Add size-limited strings and varying bit-width integer Value_Types to in-memory backend and check for ArithmeticOverflow in LongStorage #7557

radeusgd · 2023-08-10T17:14:58Z

Pull Request Description

Closes Extend in-memory storage to support Integers other than 64-bit, and fixed-length/length-capped strings #5159
Now data downloaded from the database can keep the type much closer to the original type (like string length limits or smaller integer types).
Cast also exposes these types.
The integers are still all stored as 64-bit Java longs, we just check their bounds. Changing underlying storage for memory efficiency may come in the future: In-Memory Table: Store Integer 32-bit and Integer 16-bit more efficiently. Add support for Float 32-bit. #6109
Fixes union of two tables reports an "unexpected storage implementations" error when add_row_number precedes the union #7565
Fixes Numeric overflow handling in Table #7529 by checking for arithmetic overflow in in-memory integer arithmetic operations that could overflow. Adds a documentation note saying that the behaviour for Database backends is unspecified and depends on particular database.

Important Notes

Checklist

Please ensure that the following checklist has been satisfied before submitting the PR:

The documentation has been updated, if necessary.
Screenshots/screencasts have been attached, if there are any visual changes. For interactive or animated visual changes, a screencast is preferred.
All code follows the
Scala,
Java,
and
Rust
style guides. In case you are using a language not listed above, follow the Rust style guide.
All code has been tested:
- Unit tests have been written where possible.
- If GUI codebase was changed, the GUI was tested when built using ./run ide build.
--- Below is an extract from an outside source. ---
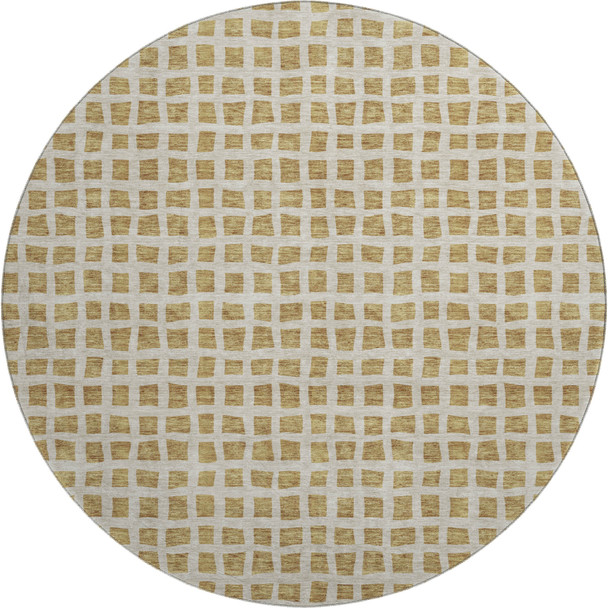8' Gold And Ivory Geometric Washable Round Rug With UV Protection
radeusgd · 2023-08-10T17:21:47Z

So I was not completely sure what to do with the case of arithmetic overflow.

We essentially have two cases: 64-bit integers and smaller types.

For 64-bit overflow, we cannot do much as we don't have a bigger type yet. Current behaviour is to do the standard 'modulus' overflow, but I think that this is wrong as it can lead to data corruption. So I replace the value with Nothing and report the warning.

Now what if I add two 16-bit values together and they overflow the 16-bit type. Then I have a bit more options - I could widen the storage type to 32-bit or 64-bit to make it fit. However, there is no clear 'heuristic' when to do so. Do I do this 'on demand'? That will mean the result type will be unpredictable - I start with 2 16-bit columns and can end up with whatever.

Instead, do I do this always? Maybe all operations should return 64-bit integers? But that will mean I will very quickly 'lose' the smaller bit-width. Even if I had small columns, they will be 'upcasted' after any operation is performed on them. If I want them back to be small, I would need to cast them again.

I think that always up-converting to 64-bit could have its merit. It is definitely a bit simpler to implement. But then the smaller types become 'second class citizens' - because we immediately 'escape' them. It may be practical though, as we will encounter overflows less often this way and can always can re-cast afterwards. And it's easier to implement.

What do you think @jdunkerley @GregoryTravis?

I'm sure for 64-bit overflows we want to have warnings and all. But for smaller types - do we also check for overflow or do we up-cast them on every operation to 64-bits?

I imagine I will implement the 64-bit logic first as it's simpler, but I'm wondering what to do with these smaller types.

GregoryTravis · 2023-08-10T17:42:02Z

What do you think @jdunkerley @GregoryTravis?

I agree that widening to 64 bit by default is the better move.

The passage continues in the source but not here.